GOP lawmakers advance measure to tighten Kansas voting laws
TOPEKA, Kan. (AP) — Republican lawmakers in Kansas are joining GOP colleagues nationwide in trying to tighten voting laws, advancing a measure Wednesday that would make it harder for churches, civic groups, neighbors and candidates to collect and return absentee ballots for voters.
The state Senate approved, 28-12, a bill that would make it a felony for someone to deliver more than five absentee ballots for other people to election officials. Candidates would be limited to delivering ballots for immediate family members.
Republicans in the GOP-controlled Legislature argue that they’re trying to prevent “ballot harvesting,” particularly by candidates or campaign workers. They have presented no evidence that the state’s policy that allows someone to deliver an unlimited number of ballots for others has resulted in fraudulent voting.

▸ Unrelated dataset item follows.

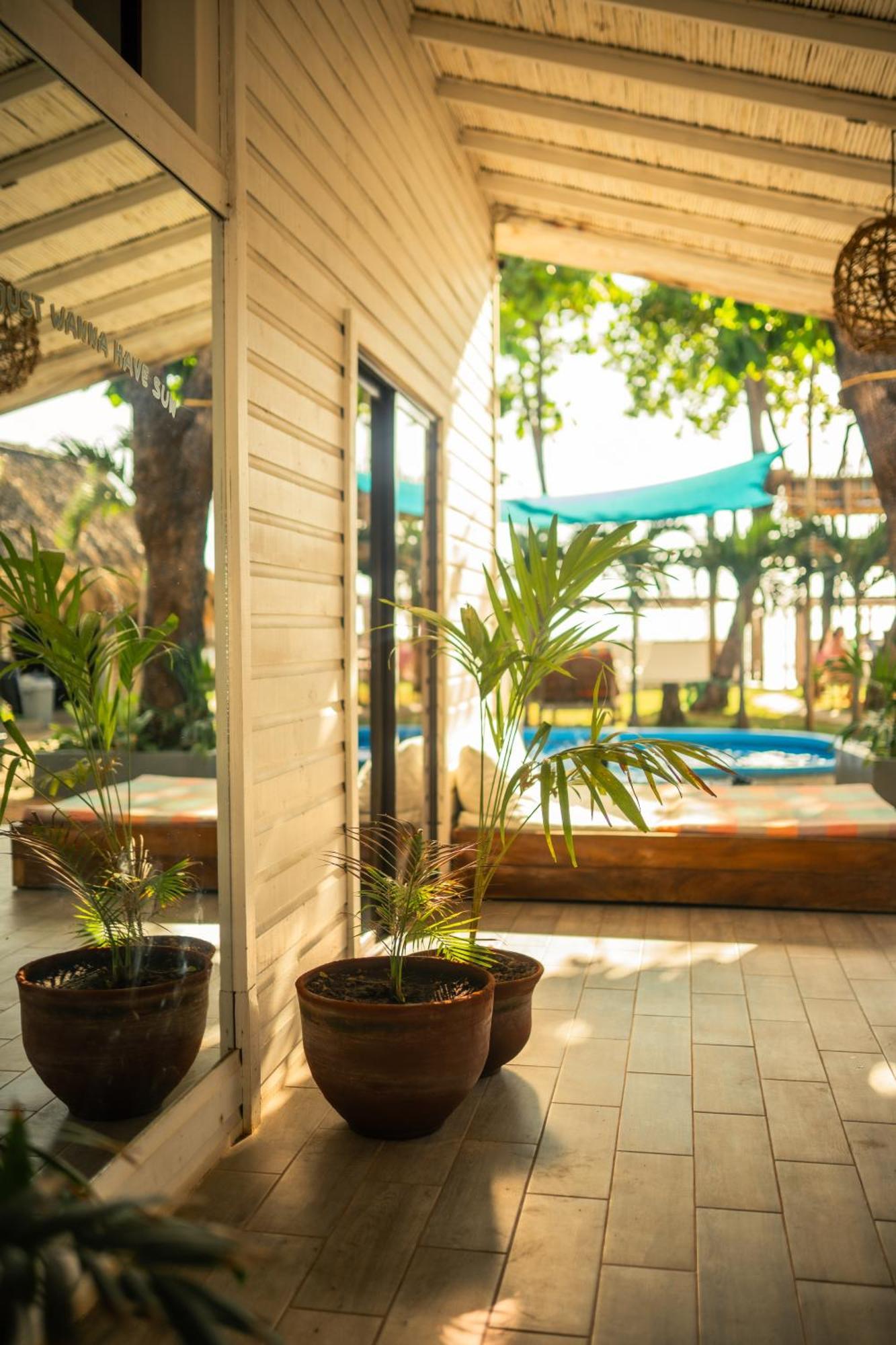 Jakes On The Beach Las Penitas Ngoại thất bức ảnh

The Kansas measure is part of a wave of Republican-backed election bills introduced in states after former President Donald Trump stoked false claims that fraud led to his 2020 election defeat. Kansas already had strict voter ID laws, though a federal appeals court last year struck down a requirement that new voters provide citizenship documents when registering.
The vote Wednesday sent the bill to the House, which also has a GOP supermajority and could vote on it as early as next week.
“What we’re talking about here is voter suppression, nothing less,” said Democratic state Sen. Mary Ware, of Wichita.
Advocates for voting rights and the disabled argue that the measure on absentee ballots would make it less likely that disabled voters or older voters living in nursing homes would get their ballots delivered.
The Kansas Senate’s debate came less than a week after Georgia’s Republican governor signed new voting restrictions into law, including a ban on outside groups handing out food or water to people in line to vote.
In Kansas, absentee ballots are known as “advance” ballots. Voters have until three days after the election to return ballots by mail. They also can deliver them to local election offices in person or have them delivered by family members, neighbors, churches, care givers, civic groups or even candidates themselves.
GOP lawmakers have cited the case of former Democratic state Rep. Tim Hodge, of North Newton, who won his 2018 race by only 88 votes, before losing his 2020 contest by a wide margin. He collected voters’ ballots and said in an interview this year, “It’s called campaigning, not cheating.”
Sen. Richard Hilderbrand, a Galena Republican, said its important to have an adequate “chain of custody” to be sure that sealed ballot envelopes aren’t being tampered with or thrown away.
“If they’re going out and collecting 100 ballots, how do you know that they’re turning in 100 ballots?” he said.
Kansas had a small number of highly publicized election fraud cases prosecuted by former Secretary of State Kris Kobach in the past six years. Most were people who were caught or who mistakenly voted in two states in one election. Republican lawmakers are influenced by Trump and his allies’ persistent but unfounded allegations of fraud elsewhere.
“I want to make sure these elections are secure, fair and transparent,” said Sen. Larry Alley, a Winfield Republican.
Democratic Sen. Oletha Faust-Goudeau, of Wichita, asked several times whether she would be allowed to deliver the ballot of a disabled 80-year-old constituent. Each time, she was told no, and concluded the last time with, “I hear it loud and clear.”
“I’m elected to assist in some manner some constituencies,” she said. “If this 80-year-old woman has outlived her spouse, she has no children — you know, she needs help.”